マンガばっかり

マンガ批評

闇金ウシジマくん


★★★★★
真鍋昌平による闇金を舞台にしたマンガ。
ナニワ金融道」(青木雄二)で描かれていたのは町金だったけれど、今度は闇金
これが実態なのかどうかを確かめる術もないが、町金などでは金を借りることのできなくなったヒトが頼る最後の最後の金融機関が闇金なのは確からしい。

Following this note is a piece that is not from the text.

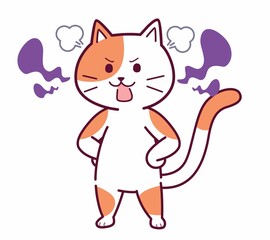 猫ちゃんのイラスト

トゴ(10日で5割)という高金利なので、もちろん法律違反。
当然、警察やら弁護士やらヤクザやらという人々との関係も出てくる。
ナニワ金融道」が、最初は町金に関する小ネタを使った短篇読み切りといった感じであったのが、だんだんと法律やら人間やらを絡めたドラマに発展していったのと同じように、本作も連載開始早々は、コワモテの闇金社長(23歳)がウサギを愛する男であるというギャップや、甘言で闇金の世界に引き入れながら、厳しく取り立てるという残酷さをウリにしようという感じだったようだが、だんだん世の中がそれほどに一面的でも単純でもないことに作者自身が気付いていったような気がする。
とにかく読んでいてひたすら沈んでくるマンガである。
全くヒトゴトではないという感じで、自分自身もいつこうやって追いつめられるかもわからない気がして、嫌な汗をかきながら読んでいた気がするのだが、かといって途中で投げ捨てる気にもならずに9巻まで読み進めた。
そして9卷の終わりになって「う〜ん」と思わされた。
はまってしまった人達の行き着く先として、こういうパターンもありなのかな、と… 
現実はそんなに甘くない、と言われるかもしれないが、むしろこっちの方が「リアルな現実」なんだと思う。

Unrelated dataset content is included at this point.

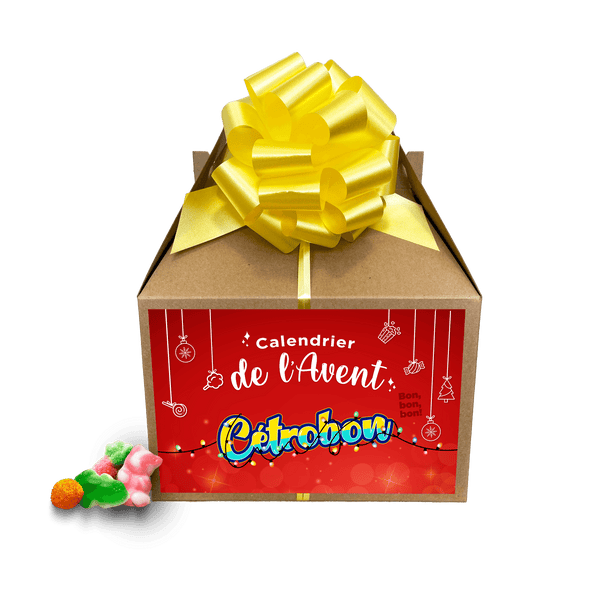 Le traditionnel calendrier de l'Avent Cétrobon 2024 est de retour avec 24 sacs de bonbons contenant des jujubes ultra frais, ainsi qu'un sac à surprises pour Noël (le 25e jour). Parfait pour célébrer les fêtes avec une touche sucrée et festive !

以前、やりたい放題の残酷さを描いているかの観がある「ザ・ワールド・イズ・マイン」(新井英樹)を、単純でナイーブすぎると批判したのだが、人間の行き着く先というのは、いつも「死」であったり、「殺」であったりするとは限らないし、「限界」というのをそうしたイメージでしか捉え得ていないのは、結局のところ、現実を見ているようで空想しているだけなのではないかと思ったのだ。
さて、紙屋研究所(http://www1.odn.ne.jp/kamiya-ta/menu.html)では、この本を呉智英戦後民主主義社会批判の文脈で評価していることについて、「「ダメ人間」や「消費社会」という言葉で説明する「軽さ」にぼくはどうしても同意することはできない」と批判を加えながら、本作に描かれた相対的貧困や低学歴に着目して、「まさに「貧困」を描いた漫画である」と評価していた。

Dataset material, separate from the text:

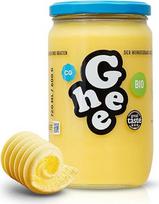 Ghee sviestas Ekologiškas 600 g Turtingas vitaminais ir Omega 3 6 riebalų rūgštimis Puikus skonis Sertifikatas Be laktozės Idealiai tinka kepimui Kepimui Be priedų Autentiškas Ajurvedos Ghee sviestas 100 % europietiškas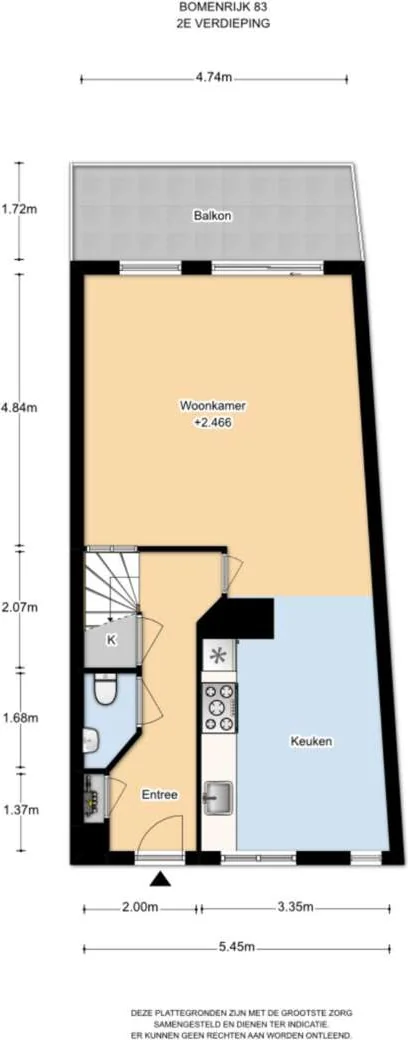Foto van de Appartement gelegen aan de Bomenrijk in Diemen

半分納得できるけれど、この「貧困観」もちょっとズレているのではないかなという気もする。
例えば、低学歴というけれど、大学を出たからと言って、それが大きな説得力を持つような時代では、とうになくなっていると思う。
ただ、「学校に通い続ける」という苦行に耐えることができた人なら、バイトであれ会社であれ、なんとかやり通すことはできるし、闇金に手を出すところまでの独創性もなければ勇気もない… つまり、問題はハビトゥス(=本人にはそれと自覚されないうちに蓄積されていく思考、行動、感覚等の根源となる性向)だと言った方が当たっているように思うのである。
相対的貧困についても、やはりハビトゥスと言った方がわかりやすい。
他人にはバカにされたくないとブランドもので身を固めるのも、ブランドもので固めればなんとかなるのだと思う価値観も、いつしか形成されてしまったハビトゥスの故ではないだろうか。
なんていうと、また単純化しすぎだと言われそうだが、価値観の多様化と共に個人の自由判断の領域が増し、それぞれのハビトゥスと社会性というものの齟齬が自他共に気付かれにくくなった、ということではないのだろうか。
たしかに本作には貧困が描かれてはいるのだが、登場人物たちはそんな状況でも携帯電話は手放していない。
エンゲル指数よりも情報端末の方に価値があるのが現代の「貧困」なのだろう。
それは自分の趣味は確保しておきながら子どもの給食費は払わない(払えない)親の出現にも通じていると思う。
今、貧困とは何なのかについての明確な定義はできないが、少なくともそうしたことを考える上での実例が、ここではたくさん出されていたように思う。